Segment Start: THE INPUT
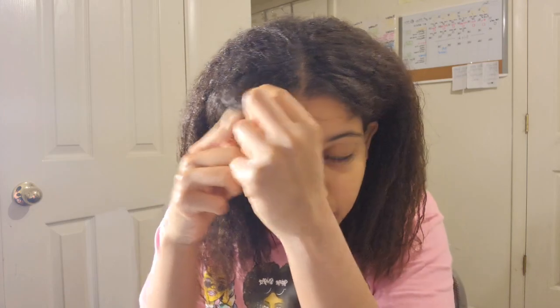The first hairstyle is pretty easy. You just pull your hair back, like this. I'm going to take some hair out right here, because he does this a lot. Just a little bit. I hope it looks good.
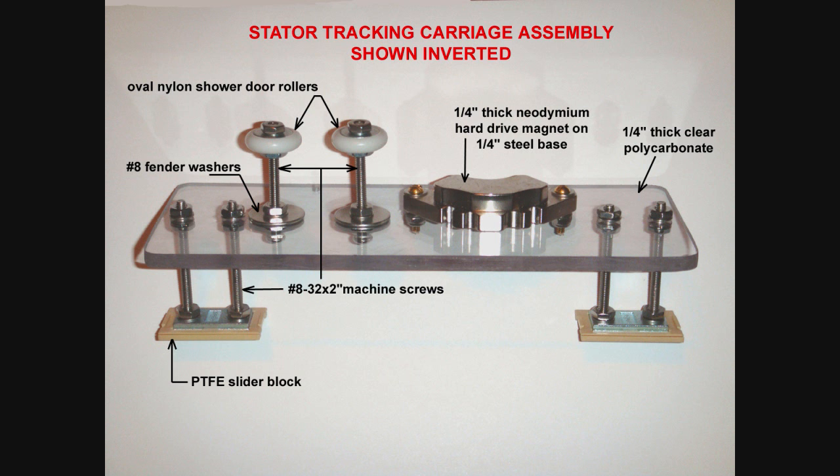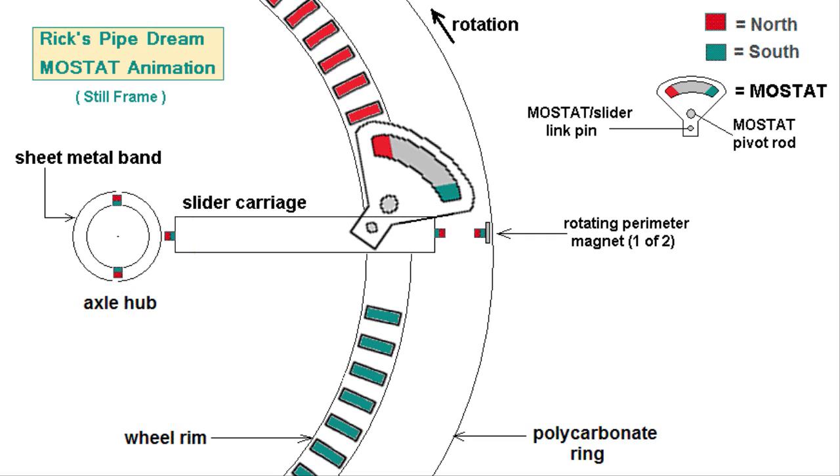With the stator magnet mounted on the slider carriage, as seen in this photo, it required a linear carriage movement of 1¼ inches to achieve a full pull shift. With the pivoting stator, however, the carriage can be linked to a control arm on the pivoting stator mechanism. If the control arm is set at 1 inch distance to the pivot point, for example, while the stator magnet is located 2 inches from the pivot point, the carriage will only need to move half the previously required distance to fully shift the stator poles.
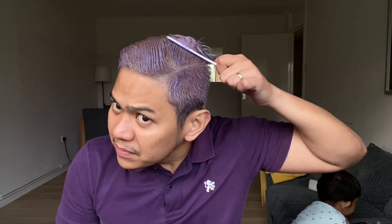So after 15 minutes, we will apply this silver conditioner. But first I will show you what will be the before and after look after I use only the shampoo, because some people they're just buying shampoo alone and conditioner alone.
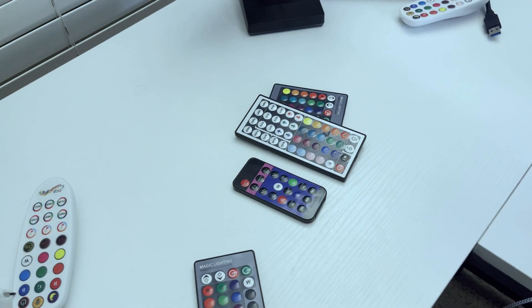Absolutely beautiful, but there's a problem. You start collecting a lot of these things and you end up with a problem like this — remotes. All remotes are different, you forget which one is which, and they take batteries. I mean, what is this, the stone age? If a battery goes out in one of these remotes, I'm not gonna replace it.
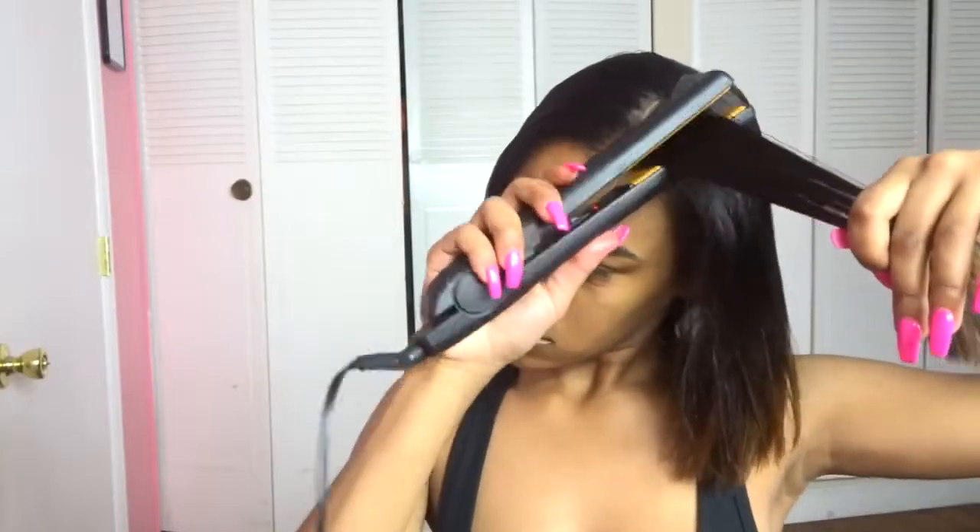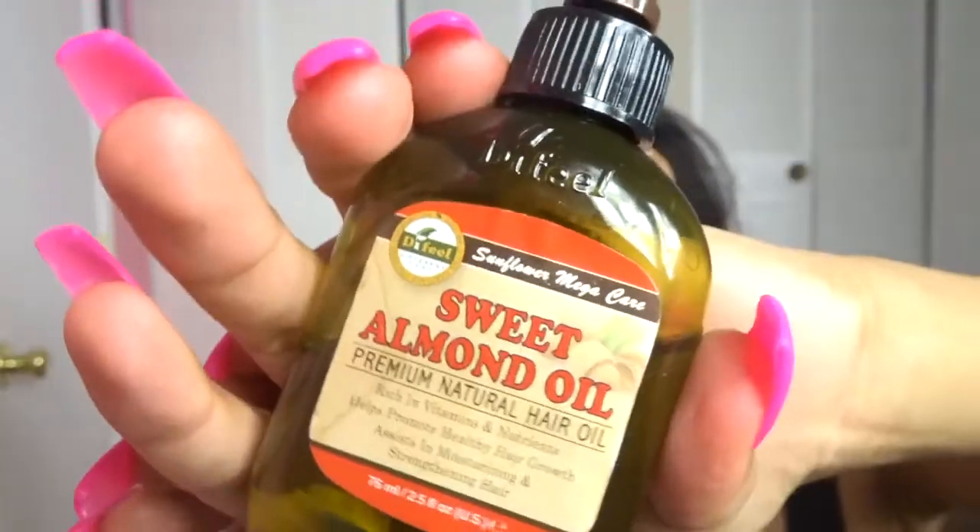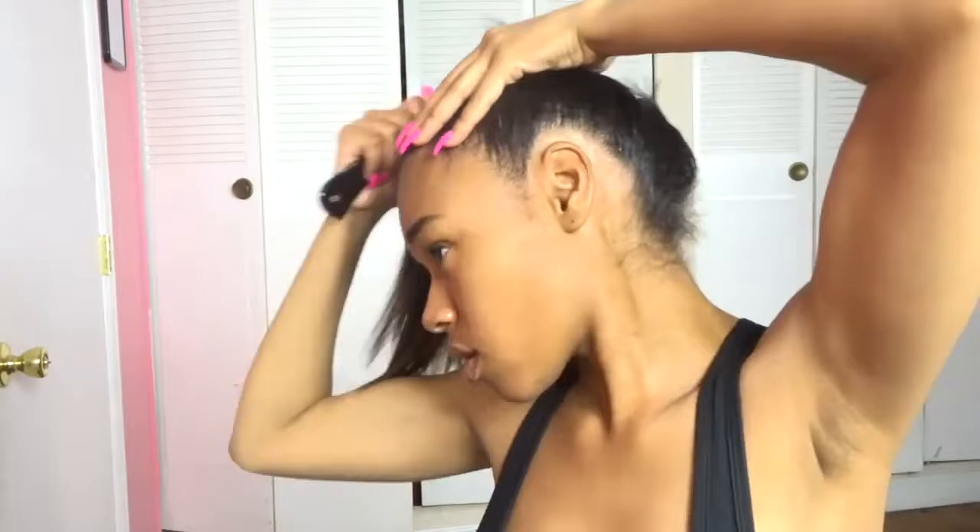All you need is a couple of things for this look: a straightener, a comb, some oil, and some edge layer. So first I'm just going to be combing and straightening my hair, and now I'm using the sweet almond oil just to give my hair that shine and glow.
Segment End: THE INPUT
> YOUR TASK:
Leave the pictures out and please restate exactly the lines running from the start of the material through the one with "So after 15".

> OUTPUT FOR THIS EXERCISE:
The first hairstyle is pretty easy. You just pull your hair back, like this. I'm going to take some hair out right here, because he does this a lot. Just a little bit. I hope it looks good.
With the stator magnet mounted on the slider carriage, as seen in this photo, it required a linear carriage movement of 1¼ inches to achieve a full pull shift. With the pivoting stator, however, the carriage can be linked to a control arm on the pivoting stator mechanism. If the control arm is set at 1 inch distance to the pivot point, for example, while the stator magnet is located 2 inches from the pivot point, the carriage will only need to move half the previously required distance to fully shift the stator poles.
So after 15 minutes, we will apply this silver conditioner. But first I will show you what will be the before and after look after I use only the shampoo, because some people they're just buying shampoo alone and conditioner alone.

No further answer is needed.